Public sector oil companies went in for a major dollar buying spree in the forward market on Friday last week. They were entering the foreign exchange market after a gap of three years.
The spot rupee shot up to a two-year high of 44.19 to a dollar on Thursday last week and ruled around 44.44 on Friday. “Even at a three-month premium of 6.4 per cent to be paid for booking dollars in the forward market, these companies got a decent deal, since these dollar-rupee levels are purely driven by foreign inflows, which may not continue in the same vigour beyond November-end,” said a bank dealer closely associated with PSU deals.
“This has wider market implications for dealers. First, it was product hedging, since the rupee is appreciating and the appreciation is not likely to breach beyond 43.50 to a dollar in the short run. It will be difficult if the FII inflows dry out in the first week of December, when most foreign funds close for the Christmas holidays. So, before that, they will book profit in whatever positions they have taken, since their financial year closes with the calendar year,” explained a forex dealer with a bank.

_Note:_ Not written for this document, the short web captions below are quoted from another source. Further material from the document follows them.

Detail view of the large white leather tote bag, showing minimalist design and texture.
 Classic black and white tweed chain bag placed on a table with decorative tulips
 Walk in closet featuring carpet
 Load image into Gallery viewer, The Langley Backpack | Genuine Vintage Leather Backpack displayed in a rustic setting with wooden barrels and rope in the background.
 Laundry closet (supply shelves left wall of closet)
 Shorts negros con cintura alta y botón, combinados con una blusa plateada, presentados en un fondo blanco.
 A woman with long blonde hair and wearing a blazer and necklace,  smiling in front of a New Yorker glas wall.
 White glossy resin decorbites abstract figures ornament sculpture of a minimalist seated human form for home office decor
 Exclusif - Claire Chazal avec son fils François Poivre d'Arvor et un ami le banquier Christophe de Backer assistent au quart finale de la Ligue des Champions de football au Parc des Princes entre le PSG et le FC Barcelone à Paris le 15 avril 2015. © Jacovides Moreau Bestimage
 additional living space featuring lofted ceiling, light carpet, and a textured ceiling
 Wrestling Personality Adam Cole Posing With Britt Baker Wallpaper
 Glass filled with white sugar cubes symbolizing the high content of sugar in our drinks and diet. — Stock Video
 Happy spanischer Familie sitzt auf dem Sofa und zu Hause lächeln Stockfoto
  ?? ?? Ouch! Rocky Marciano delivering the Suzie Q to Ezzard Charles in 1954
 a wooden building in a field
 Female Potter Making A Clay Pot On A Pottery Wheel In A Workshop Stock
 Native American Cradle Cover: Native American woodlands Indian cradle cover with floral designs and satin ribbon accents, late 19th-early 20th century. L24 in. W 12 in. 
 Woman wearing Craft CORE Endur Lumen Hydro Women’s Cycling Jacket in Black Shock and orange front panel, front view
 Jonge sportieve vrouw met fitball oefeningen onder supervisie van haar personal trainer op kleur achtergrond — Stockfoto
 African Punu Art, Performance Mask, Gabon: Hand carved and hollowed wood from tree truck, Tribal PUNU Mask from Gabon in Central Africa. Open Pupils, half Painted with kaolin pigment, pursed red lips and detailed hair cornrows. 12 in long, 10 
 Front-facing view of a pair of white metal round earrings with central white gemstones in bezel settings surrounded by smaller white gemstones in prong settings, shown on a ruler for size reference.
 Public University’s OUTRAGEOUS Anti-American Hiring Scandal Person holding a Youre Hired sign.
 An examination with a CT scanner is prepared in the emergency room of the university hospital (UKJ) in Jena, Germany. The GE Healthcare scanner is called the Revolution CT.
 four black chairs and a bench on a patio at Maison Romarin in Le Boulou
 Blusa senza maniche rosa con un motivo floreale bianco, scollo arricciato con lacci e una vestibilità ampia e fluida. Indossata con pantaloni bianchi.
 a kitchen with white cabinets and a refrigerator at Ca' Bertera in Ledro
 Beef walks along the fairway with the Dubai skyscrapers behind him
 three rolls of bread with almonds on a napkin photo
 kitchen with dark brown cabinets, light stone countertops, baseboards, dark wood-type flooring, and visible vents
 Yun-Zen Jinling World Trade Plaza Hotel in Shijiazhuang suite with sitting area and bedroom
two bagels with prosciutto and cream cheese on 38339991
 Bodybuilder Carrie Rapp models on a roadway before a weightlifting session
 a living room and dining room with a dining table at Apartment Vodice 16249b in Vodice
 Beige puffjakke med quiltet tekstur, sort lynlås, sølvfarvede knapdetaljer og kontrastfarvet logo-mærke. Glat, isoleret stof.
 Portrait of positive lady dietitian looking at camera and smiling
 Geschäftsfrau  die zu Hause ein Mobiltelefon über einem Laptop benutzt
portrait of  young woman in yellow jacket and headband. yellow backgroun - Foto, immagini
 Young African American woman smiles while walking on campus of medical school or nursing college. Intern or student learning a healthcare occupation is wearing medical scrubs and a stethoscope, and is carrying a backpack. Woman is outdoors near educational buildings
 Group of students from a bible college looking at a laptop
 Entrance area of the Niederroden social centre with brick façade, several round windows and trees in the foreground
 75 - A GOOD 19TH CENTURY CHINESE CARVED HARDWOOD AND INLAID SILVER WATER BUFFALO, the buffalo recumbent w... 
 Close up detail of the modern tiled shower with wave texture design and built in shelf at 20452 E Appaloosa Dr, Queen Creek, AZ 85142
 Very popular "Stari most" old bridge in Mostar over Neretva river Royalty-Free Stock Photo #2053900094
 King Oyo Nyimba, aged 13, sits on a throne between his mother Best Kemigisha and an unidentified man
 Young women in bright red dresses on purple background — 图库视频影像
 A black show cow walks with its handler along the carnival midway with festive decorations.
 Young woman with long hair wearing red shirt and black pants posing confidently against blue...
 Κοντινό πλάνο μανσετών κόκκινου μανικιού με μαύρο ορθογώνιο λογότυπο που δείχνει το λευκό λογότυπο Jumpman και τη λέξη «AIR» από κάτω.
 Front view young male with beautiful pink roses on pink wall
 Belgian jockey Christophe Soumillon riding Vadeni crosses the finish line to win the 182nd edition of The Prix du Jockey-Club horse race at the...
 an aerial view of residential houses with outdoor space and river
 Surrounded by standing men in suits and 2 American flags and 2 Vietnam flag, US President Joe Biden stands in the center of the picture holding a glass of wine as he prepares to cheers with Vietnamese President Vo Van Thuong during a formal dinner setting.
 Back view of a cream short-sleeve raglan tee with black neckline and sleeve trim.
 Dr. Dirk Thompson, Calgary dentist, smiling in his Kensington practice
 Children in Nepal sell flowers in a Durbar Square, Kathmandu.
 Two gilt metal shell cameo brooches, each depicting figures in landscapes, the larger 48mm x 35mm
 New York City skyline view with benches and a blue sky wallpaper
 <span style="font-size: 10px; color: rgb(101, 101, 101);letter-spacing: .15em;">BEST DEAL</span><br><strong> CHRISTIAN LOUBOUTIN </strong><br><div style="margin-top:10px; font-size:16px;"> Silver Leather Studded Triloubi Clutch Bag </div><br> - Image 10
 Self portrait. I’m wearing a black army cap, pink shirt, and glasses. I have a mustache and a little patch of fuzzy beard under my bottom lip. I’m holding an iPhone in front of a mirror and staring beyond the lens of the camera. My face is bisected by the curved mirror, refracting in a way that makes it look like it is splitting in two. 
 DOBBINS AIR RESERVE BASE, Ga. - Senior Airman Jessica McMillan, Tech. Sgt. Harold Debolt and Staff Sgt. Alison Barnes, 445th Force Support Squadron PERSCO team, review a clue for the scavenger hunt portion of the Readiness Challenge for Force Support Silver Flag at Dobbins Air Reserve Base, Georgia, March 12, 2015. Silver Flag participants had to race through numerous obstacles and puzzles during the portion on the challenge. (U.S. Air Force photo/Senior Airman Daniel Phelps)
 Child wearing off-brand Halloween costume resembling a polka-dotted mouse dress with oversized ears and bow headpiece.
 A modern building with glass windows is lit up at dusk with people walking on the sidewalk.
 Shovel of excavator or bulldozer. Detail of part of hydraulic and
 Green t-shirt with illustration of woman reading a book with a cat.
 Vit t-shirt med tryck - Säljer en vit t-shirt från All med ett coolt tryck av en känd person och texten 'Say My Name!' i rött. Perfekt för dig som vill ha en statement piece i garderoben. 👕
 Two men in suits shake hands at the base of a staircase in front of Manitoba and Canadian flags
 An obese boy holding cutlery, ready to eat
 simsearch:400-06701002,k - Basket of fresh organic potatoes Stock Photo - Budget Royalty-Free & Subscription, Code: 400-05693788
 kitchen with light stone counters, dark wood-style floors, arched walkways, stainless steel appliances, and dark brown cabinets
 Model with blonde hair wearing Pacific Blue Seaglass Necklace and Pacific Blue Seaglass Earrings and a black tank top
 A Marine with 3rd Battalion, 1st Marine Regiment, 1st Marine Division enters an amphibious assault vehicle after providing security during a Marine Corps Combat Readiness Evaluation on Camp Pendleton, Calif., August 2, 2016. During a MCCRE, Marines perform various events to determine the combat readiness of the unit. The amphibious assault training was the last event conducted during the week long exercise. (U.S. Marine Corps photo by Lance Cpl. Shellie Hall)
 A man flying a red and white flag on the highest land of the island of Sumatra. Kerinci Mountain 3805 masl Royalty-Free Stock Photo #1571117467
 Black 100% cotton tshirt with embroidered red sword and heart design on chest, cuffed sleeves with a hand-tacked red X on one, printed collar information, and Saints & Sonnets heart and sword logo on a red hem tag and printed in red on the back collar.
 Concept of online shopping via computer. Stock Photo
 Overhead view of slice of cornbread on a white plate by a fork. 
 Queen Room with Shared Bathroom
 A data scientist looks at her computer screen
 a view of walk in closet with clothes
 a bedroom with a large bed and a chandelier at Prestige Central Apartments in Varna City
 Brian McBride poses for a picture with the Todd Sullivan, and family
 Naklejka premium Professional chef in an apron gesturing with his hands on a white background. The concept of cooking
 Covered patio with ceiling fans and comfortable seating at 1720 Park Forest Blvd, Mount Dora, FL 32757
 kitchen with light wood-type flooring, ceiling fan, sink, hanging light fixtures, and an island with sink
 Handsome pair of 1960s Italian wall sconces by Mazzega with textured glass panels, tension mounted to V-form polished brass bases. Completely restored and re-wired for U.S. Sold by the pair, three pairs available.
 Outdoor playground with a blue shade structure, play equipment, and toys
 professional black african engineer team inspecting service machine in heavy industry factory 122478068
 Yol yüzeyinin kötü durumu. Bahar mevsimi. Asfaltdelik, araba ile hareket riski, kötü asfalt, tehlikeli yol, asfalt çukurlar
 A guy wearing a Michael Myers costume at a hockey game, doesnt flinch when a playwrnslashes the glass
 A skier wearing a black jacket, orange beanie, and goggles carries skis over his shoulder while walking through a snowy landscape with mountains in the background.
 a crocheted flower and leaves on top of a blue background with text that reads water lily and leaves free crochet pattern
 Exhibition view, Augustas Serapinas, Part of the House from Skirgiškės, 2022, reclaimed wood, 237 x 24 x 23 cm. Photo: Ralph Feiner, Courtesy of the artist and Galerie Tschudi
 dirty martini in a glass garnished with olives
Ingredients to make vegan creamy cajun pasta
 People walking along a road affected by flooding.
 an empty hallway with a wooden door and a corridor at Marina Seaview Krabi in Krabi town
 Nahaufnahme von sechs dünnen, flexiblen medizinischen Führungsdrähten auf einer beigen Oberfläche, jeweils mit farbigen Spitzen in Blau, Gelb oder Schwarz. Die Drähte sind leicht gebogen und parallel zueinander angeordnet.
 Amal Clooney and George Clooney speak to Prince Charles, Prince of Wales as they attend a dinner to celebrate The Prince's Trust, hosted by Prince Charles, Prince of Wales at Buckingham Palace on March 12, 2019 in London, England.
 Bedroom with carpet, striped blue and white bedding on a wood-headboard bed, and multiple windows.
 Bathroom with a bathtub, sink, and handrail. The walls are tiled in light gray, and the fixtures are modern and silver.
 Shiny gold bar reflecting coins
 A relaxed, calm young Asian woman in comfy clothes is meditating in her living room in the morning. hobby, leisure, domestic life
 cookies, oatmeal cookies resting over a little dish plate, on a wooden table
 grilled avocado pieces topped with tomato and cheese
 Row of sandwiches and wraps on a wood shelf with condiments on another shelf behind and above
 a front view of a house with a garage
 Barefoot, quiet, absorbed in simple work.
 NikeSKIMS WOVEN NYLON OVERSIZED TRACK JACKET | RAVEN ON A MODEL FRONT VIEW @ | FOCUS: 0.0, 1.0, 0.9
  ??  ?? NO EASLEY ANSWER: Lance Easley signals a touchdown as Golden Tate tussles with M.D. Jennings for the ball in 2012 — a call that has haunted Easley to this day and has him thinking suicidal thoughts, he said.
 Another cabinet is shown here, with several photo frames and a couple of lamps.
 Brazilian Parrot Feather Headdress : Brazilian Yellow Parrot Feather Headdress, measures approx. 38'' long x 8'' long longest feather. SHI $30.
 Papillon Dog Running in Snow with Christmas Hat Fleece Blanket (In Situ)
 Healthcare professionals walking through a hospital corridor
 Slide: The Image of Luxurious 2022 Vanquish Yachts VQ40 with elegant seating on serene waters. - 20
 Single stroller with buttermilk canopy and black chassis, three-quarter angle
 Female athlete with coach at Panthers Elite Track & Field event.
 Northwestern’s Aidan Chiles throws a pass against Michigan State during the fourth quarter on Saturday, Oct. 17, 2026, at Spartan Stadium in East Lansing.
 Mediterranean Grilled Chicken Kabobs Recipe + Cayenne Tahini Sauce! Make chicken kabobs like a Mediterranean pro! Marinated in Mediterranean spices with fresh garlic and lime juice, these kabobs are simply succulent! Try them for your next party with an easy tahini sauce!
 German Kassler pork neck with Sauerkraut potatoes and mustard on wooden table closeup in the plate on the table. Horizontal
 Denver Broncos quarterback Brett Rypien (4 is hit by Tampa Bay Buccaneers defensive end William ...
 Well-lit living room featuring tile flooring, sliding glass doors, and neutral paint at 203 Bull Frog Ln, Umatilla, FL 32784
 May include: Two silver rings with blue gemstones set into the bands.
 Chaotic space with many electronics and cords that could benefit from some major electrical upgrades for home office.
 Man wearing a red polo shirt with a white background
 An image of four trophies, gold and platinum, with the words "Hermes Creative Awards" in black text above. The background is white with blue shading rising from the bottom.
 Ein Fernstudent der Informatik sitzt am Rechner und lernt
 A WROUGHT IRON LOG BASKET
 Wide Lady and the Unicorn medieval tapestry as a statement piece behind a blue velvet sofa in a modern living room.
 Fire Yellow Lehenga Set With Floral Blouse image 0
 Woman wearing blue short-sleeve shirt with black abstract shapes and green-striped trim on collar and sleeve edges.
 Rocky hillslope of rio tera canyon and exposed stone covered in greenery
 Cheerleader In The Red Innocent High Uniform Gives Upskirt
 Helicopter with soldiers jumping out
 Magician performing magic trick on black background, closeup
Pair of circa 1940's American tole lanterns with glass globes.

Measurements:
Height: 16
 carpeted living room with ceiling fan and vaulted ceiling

Second, it is widely perceived as more than a business decision, since oil companies generally do not hedge in the forward market. Dealers said they may have done it at the behest of the Reserve Bank of India, which is at present a bit reluctant to intervene in the forex market directly by infusing rupees in the spot market to buy dollars, for fear of stoking inflation.
Buying dollars in the forward market by these oil companies does not result in infusion of rupees immediately in the system; it also helps them in fixing the supply of cheap dollars in the future. Most of this forward buying is directed for delivery three to six months down the line. Thus, the rupee delivery for buying dollars is spread out over a period of three to six months.
The PSU oil companies book crude oil in the forward market in international exchanges to avoid price volatility. For delivery of the crude when the futures contract expires, these companies have to pay in dollars. Thus, the hedging in the forward market to buy dollars helps an oil company to pay less in rupees for the same dollars, while others pay more if the rupee-dollar rate, three months down the line, may have depreciated, explained dealers.
“The rupee’s appreciation seems far too swift for anybody’s comfort. I expect the rupee to touch 43.50 when inflows are chunky, but till December, the rupee is expected to be in the 44-45 band, as the country has a large current account deficit,” said the head of treasury at a large foreign bank.